Savait-il lui aussi lire dans les pensées, comme Orion ? Je ne pouvais pas en être sûre, mais en tout les cas, je devais me méfier de lui encore plus que celui aux yeux verts. Je le considérait comme beaucoup plus dangereux, étant donné qu'Orion ne m'avait rien fait et prétendait être " végétarien " - à la façon vampire bien sûr.

Mais sa remarque me fit pincer les lèvres.
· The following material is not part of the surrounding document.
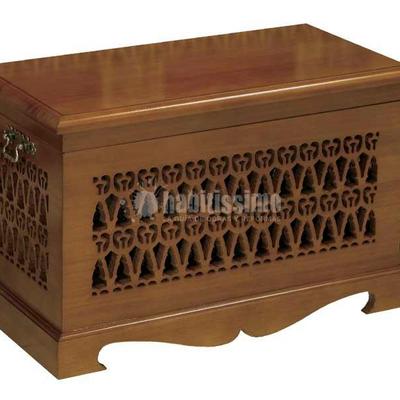 Decoradores, Artículos Decoración, Técnicos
Il avait touché le point sensible, et il le savait. Suite à mon geste, mes canines pointues couleur ivoire se dévoilèrent.
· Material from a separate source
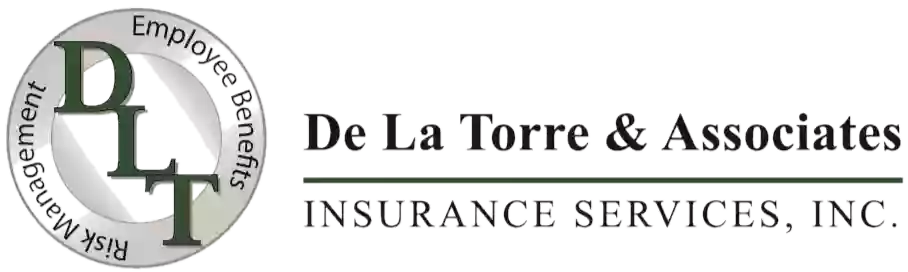 De La Torre & Associates Insurance Services, Inc.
Les yeux de Ace tombèrent sur celles-ci.

- Tu devrais pourtant en être fière, elles sont aussi belles que les miennes.

Je me suis retenue de penser ou même de prononcer quoique ce soit, mais je bouillonnais intérieurement.

Ses yeux sont remontés le long de mon visage, et il m'a dévoré du regard pendant quelques minutes. Un duel silencieux s'est immiscé entre nous; c'était à savoir lequel de nous deux se détournerait le premier des yeux intenses de l'autre.

Mon ventre choisit ce moment précis pour se remettre à gargouiller, pas du tout discrètement. Un mince sourire se forma sur les lèvres d'Ace.

- Aurais tu faim par hasard ? Ou plutôt... Soif ?

- Non ! Je-...

Tout est ensuite allé très vite.

Il a soudain lâché son sabre pour m'entourer fermement la taille de son bras droit. Sa main gauche vint se déposer sur ma nuque, où il exerça une certaine pression pour que ma tête se retrouve nichée dans son cou.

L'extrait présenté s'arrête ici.